"The rules will put an end to the culture of excessive bonuses, which encouraged risk-taking for short-term gains," said Jose Manuel Barroso, president of the European Commission.
"This is a question of fairness. If taxpayers are being asked to pick up the bill after the financial crisis, banks must also make a contribution," Barroso said.
The cap on bonuses is set at the level of one-year's base salary, although it can be doubled if shareholders agree to do so, The New York Times reported
In addition, any bonus pay above the cap of one-year's base salary will have to be deferred for five years.
The long delay before bankers can actually cash in their deferred pay is meant to allow bank boards time to assess the risky bets bankers take to secure high bonuses. In theory, with a long delay, bonus pay will be based on safer investments, because bonus pay based on risks that soured could be withdrawn or "clawed back."
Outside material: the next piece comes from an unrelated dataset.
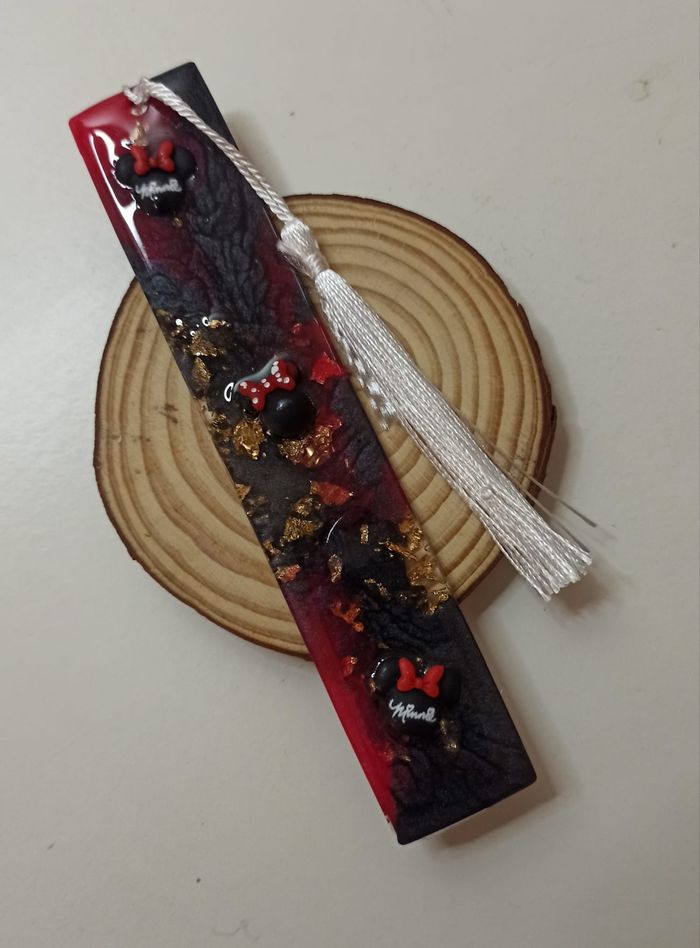 Marque page Minnie Disney 009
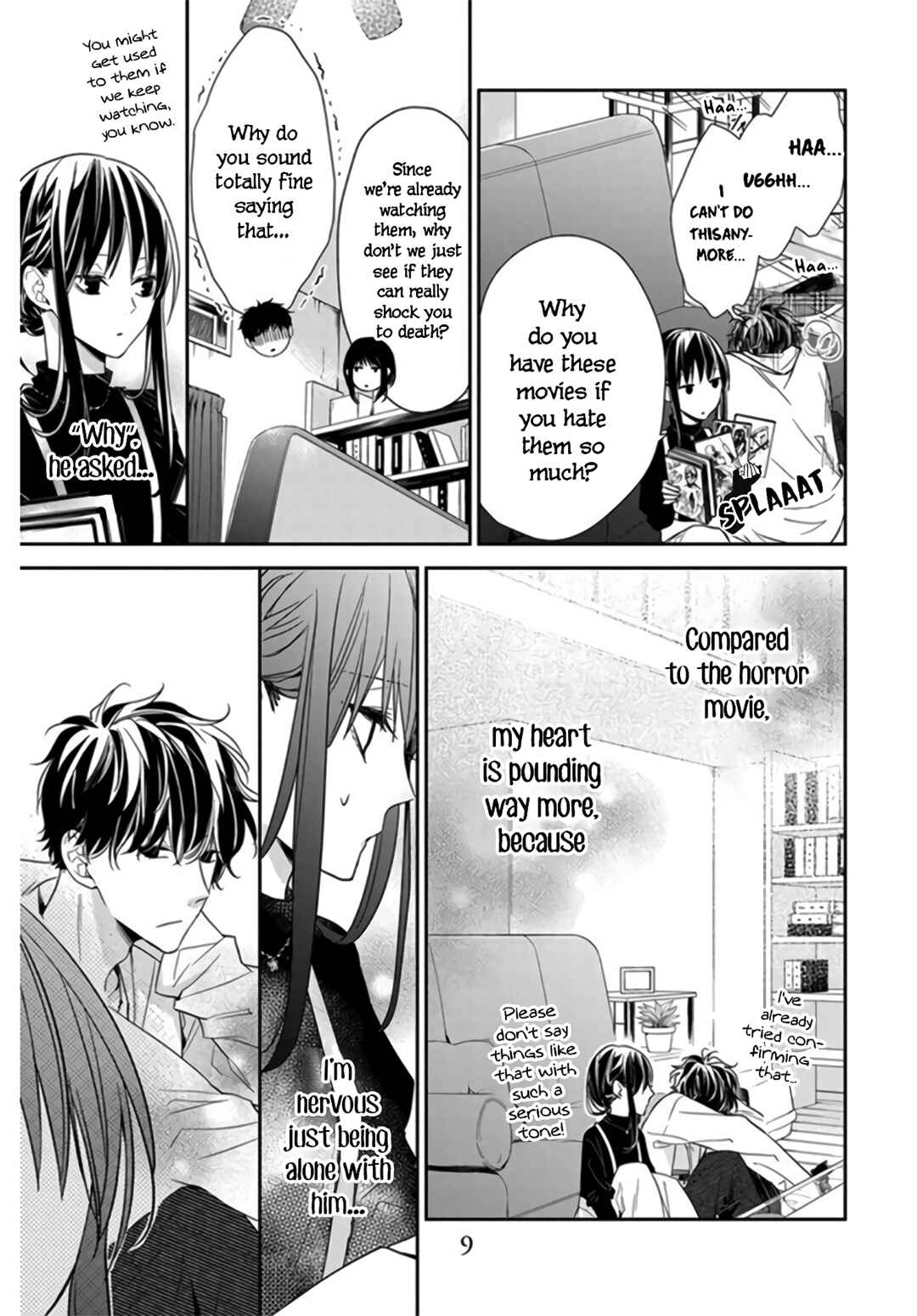 Page 11 Chapter 27 Tsuiraku JK to Haijin Kyoushi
Compensation analysts quickly assumed that banks would re-balance their pay structures by increasing base salaries, so that total compensation would not decline.
"Inevitably there will be an increase in fixed pay. Banks will see their costs rise because they will have to pay higher base salaries," Nicholas Squire, an employment partner at the law firm Freshfields Bruckhaus Deringer in London, told the Times.
Others were concerned that the new rule would drive bankers from financial centers in the European Union, which could change the economic landscape of cities like London, where bankers currently flourish.
"An obvious concern is the impact this rule could have on the ability of banks in the City (London) to attract and retain key talent from other non-E.U. locations with different rules," said Paul Fontes, a partner at the Eversheds law firm in London.
"The long-term effect on the City remains to be seen but as it now stands, these non-EU jurisdictions look to have a significant recruitment edge," Fontes said.